Она хотела бы знать, почему они носят черное, и почему не должно быть никакого Рождества и никакого снеговика или снежных ангелов, и почему они должны отправиться в сиротский приют только потому, что мама и папа отошли. Все равно мама и папа никогда не приезжали домой. Она помнила их не намного лучше, чем помнила снег.
Кто такие ее тетя и дядя, подумала она, прижавшись головой к пышной няниной груди и звучно зевая.
Их она тоже не помнила. Зачем они приедут?
***
Леди Карлайл потянулась к окошку кареты и с тревогой поглядела на небо. Уже который час оно вовсю грозило снегом. Неужели и вправду пойдет снег? Она дрожала, несмотря на то, что была тепло одета, а ноги укрыты тяжелым пледом. Да и кирпич под ступнями все еще был теплым, хотя прошло почти два часа с тех пор, как они останавливались на обед в гостинице, где его снова нагрели.
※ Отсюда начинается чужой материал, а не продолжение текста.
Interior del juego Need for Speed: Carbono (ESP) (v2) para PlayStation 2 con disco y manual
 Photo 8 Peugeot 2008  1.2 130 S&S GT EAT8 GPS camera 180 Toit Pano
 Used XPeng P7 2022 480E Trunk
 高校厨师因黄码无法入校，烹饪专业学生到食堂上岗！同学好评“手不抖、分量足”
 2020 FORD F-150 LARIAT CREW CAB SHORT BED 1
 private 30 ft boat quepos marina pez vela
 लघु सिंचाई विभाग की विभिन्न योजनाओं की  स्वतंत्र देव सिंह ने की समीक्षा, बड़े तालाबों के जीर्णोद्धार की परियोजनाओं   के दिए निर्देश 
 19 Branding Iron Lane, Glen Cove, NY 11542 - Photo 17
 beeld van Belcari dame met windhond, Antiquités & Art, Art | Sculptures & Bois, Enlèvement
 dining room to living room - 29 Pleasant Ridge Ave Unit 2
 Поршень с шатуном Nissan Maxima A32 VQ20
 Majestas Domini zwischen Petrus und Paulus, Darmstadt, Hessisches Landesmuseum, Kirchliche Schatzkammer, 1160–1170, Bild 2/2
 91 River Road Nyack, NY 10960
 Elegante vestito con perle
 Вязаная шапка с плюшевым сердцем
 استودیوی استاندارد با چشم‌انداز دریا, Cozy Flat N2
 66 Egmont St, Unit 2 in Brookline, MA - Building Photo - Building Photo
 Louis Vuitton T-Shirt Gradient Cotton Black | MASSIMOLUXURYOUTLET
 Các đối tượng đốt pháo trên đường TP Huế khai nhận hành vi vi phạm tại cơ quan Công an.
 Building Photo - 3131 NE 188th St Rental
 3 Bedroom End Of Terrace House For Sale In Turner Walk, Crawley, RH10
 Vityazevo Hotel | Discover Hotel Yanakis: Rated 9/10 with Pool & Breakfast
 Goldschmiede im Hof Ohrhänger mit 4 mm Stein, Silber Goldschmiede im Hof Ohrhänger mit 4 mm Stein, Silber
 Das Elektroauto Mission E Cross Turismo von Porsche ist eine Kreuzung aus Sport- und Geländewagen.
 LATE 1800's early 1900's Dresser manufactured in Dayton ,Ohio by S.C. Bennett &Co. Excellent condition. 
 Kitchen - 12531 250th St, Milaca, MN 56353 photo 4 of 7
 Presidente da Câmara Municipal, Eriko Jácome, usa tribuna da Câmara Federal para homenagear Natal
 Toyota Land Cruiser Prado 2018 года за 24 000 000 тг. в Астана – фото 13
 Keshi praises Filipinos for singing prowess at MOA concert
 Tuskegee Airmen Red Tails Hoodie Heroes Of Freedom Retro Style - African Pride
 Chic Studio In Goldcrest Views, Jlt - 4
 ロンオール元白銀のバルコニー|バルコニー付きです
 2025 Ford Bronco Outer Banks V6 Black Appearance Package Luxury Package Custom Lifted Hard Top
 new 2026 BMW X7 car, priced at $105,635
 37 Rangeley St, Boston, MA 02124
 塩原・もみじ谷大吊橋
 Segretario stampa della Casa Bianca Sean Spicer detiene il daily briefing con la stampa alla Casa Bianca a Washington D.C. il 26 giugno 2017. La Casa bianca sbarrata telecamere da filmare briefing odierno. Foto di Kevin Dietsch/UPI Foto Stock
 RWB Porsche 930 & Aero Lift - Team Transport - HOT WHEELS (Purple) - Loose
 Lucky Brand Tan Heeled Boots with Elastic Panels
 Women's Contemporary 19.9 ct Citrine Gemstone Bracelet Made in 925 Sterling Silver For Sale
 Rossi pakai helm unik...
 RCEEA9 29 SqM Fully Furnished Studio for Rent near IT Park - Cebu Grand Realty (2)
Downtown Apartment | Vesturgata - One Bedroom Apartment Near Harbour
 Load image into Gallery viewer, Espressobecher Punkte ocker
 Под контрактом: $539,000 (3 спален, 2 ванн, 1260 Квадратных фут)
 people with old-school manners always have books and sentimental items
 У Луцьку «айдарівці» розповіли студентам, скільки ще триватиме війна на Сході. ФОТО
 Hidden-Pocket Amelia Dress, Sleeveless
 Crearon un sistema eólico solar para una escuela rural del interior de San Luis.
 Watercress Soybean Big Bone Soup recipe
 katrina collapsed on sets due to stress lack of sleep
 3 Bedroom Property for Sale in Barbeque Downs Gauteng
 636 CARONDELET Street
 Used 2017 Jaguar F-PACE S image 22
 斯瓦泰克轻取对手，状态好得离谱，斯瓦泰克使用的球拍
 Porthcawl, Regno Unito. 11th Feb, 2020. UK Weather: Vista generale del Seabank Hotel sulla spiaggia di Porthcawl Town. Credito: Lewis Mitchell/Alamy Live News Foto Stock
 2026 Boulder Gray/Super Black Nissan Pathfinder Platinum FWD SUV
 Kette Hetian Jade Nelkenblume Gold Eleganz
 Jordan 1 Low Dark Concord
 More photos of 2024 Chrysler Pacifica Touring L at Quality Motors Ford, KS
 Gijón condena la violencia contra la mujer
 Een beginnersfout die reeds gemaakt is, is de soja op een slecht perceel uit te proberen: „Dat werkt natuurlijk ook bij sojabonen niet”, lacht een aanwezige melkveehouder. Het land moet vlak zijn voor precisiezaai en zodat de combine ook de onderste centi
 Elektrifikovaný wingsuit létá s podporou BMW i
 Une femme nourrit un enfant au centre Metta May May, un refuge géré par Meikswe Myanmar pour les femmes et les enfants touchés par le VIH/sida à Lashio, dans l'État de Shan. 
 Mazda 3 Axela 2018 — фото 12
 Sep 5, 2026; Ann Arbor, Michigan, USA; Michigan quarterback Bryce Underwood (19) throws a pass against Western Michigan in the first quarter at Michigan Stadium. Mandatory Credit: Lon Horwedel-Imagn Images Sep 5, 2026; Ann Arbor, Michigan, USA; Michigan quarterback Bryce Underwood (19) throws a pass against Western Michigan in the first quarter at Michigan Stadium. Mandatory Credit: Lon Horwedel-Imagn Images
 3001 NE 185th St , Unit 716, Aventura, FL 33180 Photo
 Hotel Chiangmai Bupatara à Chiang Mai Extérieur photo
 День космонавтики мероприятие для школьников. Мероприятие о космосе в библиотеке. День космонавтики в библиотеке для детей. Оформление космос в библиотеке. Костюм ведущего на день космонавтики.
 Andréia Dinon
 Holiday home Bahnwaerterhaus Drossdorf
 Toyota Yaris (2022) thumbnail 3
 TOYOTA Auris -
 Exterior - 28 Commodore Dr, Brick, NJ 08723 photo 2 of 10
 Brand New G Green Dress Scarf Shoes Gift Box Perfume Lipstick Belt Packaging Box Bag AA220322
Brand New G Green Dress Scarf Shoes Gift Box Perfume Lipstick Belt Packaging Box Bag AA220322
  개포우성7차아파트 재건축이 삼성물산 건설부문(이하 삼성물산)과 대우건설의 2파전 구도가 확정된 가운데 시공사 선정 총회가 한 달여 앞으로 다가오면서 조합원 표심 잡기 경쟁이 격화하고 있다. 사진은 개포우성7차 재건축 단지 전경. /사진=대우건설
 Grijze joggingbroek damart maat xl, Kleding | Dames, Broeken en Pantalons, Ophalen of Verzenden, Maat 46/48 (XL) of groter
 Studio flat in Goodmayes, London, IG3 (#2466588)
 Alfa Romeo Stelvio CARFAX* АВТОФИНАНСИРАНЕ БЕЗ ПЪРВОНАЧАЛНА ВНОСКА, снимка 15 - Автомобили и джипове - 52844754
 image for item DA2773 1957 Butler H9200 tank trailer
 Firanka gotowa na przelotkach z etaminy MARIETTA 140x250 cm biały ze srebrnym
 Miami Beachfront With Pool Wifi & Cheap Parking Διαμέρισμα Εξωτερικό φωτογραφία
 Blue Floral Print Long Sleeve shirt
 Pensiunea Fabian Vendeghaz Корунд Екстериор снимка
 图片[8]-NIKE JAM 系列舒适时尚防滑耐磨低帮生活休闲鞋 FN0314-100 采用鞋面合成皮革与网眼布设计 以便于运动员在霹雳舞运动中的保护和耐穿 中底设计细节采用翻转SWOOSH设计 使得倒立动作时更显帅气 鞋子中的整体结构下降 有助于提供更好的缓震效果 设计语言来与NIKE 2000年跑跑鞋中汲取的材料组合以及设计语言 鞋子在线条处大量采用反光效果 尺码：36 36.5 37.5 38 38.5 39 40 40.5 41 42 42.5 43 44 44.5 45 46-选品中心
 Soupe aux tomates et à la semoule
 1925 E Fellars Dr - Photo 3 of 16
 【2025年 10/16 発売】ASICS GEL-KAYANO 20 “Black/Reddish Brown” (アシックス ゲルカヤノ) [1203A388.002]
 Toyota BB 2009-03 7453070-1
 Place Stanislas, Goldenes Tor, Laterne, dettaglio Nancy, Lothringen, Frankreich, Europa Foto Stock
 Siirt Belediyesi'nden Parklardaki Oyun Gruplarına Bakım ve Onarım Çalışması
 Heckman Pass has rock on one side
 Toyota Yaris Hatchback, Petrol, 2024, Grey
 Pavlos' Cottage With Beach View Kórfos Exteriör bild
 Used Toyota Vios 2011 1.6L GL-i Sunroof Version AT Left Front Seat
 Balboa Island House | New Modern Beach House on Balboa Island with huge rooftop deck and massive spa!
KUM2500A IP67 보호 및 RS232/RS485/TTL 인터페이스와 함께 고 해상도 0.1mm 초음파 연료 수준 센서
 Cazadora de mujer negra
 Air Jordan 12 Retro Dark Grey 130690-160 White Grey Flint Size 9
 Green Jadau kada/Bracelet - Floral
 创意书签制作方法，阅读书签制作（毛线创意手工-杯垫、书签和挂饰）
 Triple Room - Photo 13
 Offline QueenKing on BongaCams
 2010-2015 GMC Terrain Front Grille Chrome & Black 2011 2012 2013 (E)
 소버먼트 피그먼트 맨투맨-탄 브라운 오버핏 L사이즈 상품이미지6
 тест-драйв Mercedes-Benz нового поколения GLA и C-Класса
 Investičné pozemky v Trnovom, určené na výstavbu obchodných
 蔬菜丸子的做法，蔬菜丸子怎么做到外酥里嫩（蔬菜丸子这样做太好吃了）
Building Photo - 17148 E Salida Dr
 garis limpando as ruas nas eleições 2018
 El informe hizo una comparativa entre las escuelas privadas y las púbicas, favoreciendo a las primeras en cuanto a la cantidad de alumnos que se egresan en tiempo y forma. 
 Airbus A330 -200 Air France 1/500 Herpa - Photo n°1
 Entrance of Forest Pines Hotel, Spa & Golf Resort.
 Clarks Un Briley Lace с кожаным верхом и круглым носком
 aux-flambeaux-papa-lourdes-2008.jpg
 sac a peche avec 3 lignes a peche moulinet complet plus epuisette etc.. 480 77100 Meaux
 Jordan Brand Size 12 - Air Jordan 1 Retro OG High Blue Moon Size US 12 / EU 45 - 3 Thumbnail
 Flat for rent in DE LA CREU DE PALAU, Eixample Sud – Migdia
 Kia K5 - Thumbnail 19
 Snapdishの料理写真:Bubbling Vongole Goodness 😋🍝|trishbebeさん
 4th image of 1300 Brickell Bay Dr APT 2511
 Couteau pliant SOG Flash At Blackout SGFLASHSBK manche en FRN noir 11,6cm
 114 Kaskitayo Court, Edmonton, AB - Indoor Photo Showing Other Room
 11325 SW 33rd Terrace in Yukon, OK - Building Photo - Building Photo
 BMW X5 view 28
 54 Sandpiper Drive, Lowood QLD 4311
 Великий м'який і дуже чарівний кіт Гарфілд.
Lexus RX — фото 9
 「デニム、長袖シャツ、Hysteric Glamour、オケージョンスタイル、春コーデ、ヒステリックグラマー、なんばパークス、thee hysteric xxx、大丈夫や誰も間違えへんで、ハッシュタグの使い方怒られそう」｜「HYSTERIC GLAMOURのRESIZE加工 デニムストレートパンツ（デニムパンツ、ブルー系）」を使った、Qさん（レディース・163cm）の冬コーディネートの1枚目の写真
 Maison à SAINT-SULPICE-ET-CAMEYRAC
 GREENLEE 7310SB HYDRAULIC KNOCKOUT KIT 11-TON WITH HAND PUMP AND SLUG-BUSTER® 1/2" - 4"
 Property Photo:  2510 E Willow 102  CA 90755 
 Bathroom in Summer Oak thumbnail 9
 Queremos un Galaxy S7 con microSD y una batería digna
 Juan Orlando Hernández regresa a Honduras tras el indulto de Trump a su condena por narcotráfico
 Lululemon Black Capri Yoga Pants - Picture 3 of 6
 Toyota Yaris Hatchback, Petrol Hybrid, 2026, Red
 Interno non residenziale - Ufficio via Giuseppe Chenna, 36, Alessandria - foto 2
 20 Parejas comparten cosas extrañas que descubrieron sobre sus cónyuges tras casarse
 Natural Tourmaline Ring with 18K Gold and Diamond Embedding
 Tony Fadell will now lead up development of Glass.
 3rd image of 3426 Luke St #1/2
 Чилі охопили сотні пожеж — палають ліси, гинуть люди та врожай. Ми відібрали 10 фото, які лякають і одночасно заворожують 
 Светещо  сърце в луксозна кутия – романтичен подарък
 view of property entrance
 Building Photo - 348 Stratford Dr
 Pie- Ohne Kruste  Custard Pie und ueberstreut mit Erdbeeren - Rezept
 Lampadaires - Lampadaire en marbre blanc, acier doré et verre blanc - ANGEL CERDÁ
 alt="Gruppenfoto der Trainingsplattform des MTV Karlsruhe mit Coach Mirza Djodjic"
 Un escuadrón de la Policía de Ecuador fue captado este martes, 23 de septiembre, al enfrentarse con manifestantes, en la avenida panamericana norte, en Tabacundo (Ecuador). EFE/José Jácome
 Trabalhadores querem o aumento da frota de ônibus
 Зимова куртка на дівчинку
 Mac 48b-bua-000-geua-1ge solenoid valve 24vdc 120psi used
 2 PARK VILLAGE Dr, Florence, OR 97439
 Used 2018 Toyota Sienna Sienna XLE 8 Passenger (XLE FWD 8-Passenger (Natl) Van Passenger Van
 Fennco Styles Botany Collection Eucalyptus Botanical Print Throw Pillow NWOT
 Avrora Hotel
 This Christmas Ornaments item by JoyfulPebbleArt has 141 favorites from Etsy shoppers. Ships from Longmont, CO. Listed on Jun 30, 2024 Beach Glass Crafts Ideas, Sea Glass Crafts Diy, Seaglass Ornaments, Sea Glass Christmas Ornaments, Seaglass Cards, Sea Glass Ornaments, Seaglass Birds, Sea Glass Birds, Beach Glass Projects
Во всяком случае, она надеялась, что доберется до места назначения прежде, чем пойдет снег. Она не горела желанием отправиться в эту поездку. Они с Адрианом никогда не были близки. А последние годы особенно. Его дети были ей незнакомы. Все дети были ей незнакомы. У нее никогда не было собственного ребенка, хотя она была замужем семь лет, до того, как два года назад овдовела. Хотя, не так уж много было возможности…
Леди Карлайл на мгновение поджала губы и поглубже зарыла руки в муфту.
Она понятия не имела, что будет делать с тремя маленькими детьми. Было время, когда ей хотелось иметь собственную семью, но это желание умерло в первый же год брака, и теперь она была вполне довольна своим бездетным статусом. И своим вдовством. Ей нравилось быть одинокой и независимой. Ей нравилось быть одной из самых уважаемых светских дам Лондона. Ей доставляло удовольствие осознавать, что приглашения на ее еженедельные рауты жаждали заполучить как представители света, так и интеллигенции. И она ничего не имела против, когда ее порой называли синим чулком.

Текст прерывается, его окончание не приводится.